In July 1961, JFK’s special counsel Richard Goodwin met with Che Guevara in Uruguay and reported back to Kennedy: Che says that Cuba wants an understanding with the U.S.; the Cubans have no intention of making an alliance with the Soviets. So we should make it clear to Castro that we want to help Cuba. (How Che managed a straight face during this conversation requires an article of its own.)
Result: Soviet Nuclear missiles, locked and loaded, in Cuba a year later — and pointed at Goodwin and Kennedy’s very homes.
In 1975, President Gerald Ford (under Kissinger’s influence) allowed foreign branches and subsidiaries of U.S. companies to trade freely with Cuba and persuaded the Organization of American States to lift its sanctions.
Result: Castro started his African invasion and tried to assassinate Ford.
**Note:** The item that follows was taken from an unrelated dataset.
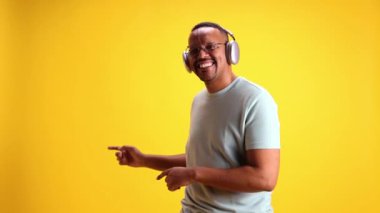 Neşeli, pozitif, rahat, günlük kıyafetler içinde kulaklıkla müzik dinleyen ve sarı stüdyo arka planında dans eden Afro-Amerikan bir adam. İnsan duyguları kavramı, gündelik moda, yaşam tarzı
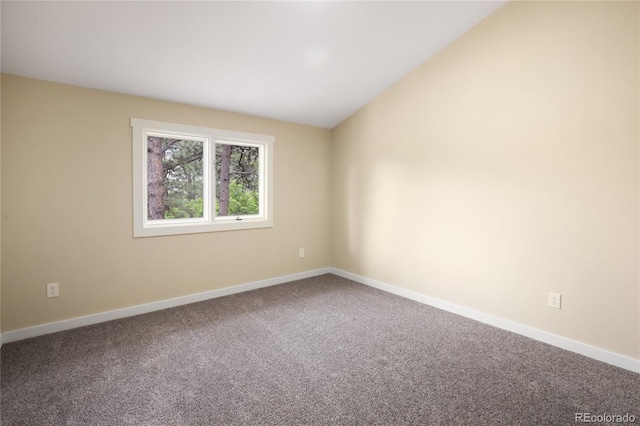 595 Wintery Cir, Colorado Springs, CO 80919 - empty room with carpet floors, baseboards, and vaulted ceiling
You read right. On March 19, the Los Angeles Times ran the headline Cuban Link to Death Plot Probed. Both Republican candidates of the day, President Ford and Ronald Reagan, were to be taken out during the Republican National Convention. The Emiliano Zapata Unit, a Bay Area radical group linked to the Weather Underground, would make the hits.
Jimmy Carter, in a good-will gesture, lifted U.S. travel sanctions against Cuba and was poised to open full diplomatic relations with Castro.
Result: More thousands of Cuban troops spreading Soviet terror (and poison gas) in Africa, more internal repression, and hundreds of psychopaths, killers, and perverts infiltrated the boats and shoved their way on the Mariel Boatlift.
Ronald Reagan sent Alexander Haig to meet personally in Mexico City with Cuba’s Vice President Carlos Raphael Rodriguez to feel him out. Then he sent diplomatic whiz Gen. Vernon Walters to Havana for a meeting with the Maximum Leader himself.
Result: Cubans practically take over Grenada, El Salvador, and Nicaragua. (But unlike the aforementioned Democrats, Reagan responded to Castro’s response — and with pretty dramatic results. (Recall the U.S. liberation of Grenada.)
President Clinton tried playing nice again in the ’90s, removing travel restrictions, etc.
Result: Three U.S. citizens and one resident who flew humanitarian flights over Florida straits (Brothers to the Rescue) murdered in cold blood by Castro’s MIGS. Cuban agent Ana Belen Montes moles her way to head of the Defense Intelligence Agency’s Cuba division, resulting in the deepest and most damaging penetration of the U.S. Defense Department by an enemy agent in modern history.
Obama outdid all of the above. And former National Security Advisor John Bolton summed up the results back in 2019: “While the last administration wanted to improve relations with the tyrants in Havana, and to convince the world that they posed no threat, the Cuban regime tightened its grip and extended its tentacles…In no uncertain terms, the Obama administration’s policies toward Cuba have enabled the Cuban colonization of Venezuela today.”
By the way, some of those ex-CIA honchos are not pleased with my expose’ of their calamitous idiocies in Cuba. So they viciously maligned my books—but without actually refuting one syllable of my thoroughly footnoted quotes and findings.